Recorded information:
|---|

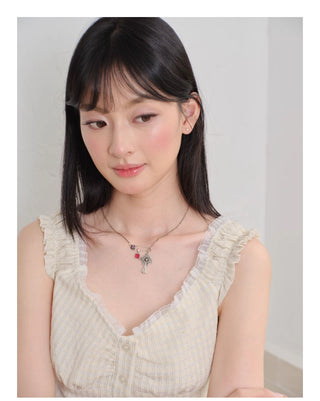 goth rose necklace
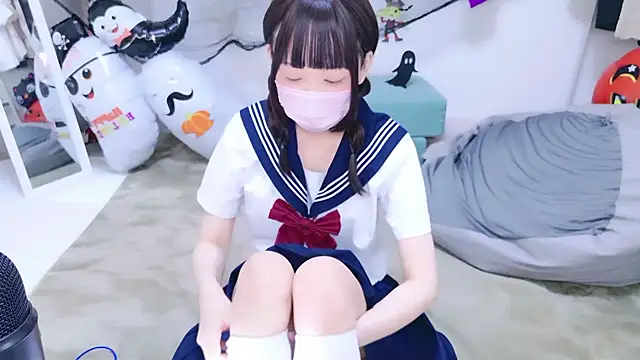 Snapshot of x-naru-x chatting on 10/30/25, 03:35 x-naru-x online show from 10/30/25, 03:35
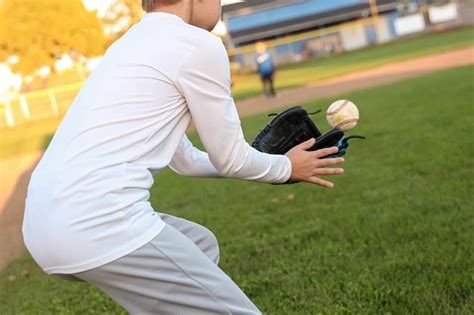 5 Best Baseball Glove For Left Handed Child In 2022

|---|

Assignment: Omit the pictures and reproduce the remaining material above exactly.

Answer to this task:
 goth rose necklace
 Snapshot of x-naru-x chatting on 10/30/25, 03:35 x-naru-x online show from 10/30/25, 03:35
 5 Best Baseball Glove For Left Handed Child In 2022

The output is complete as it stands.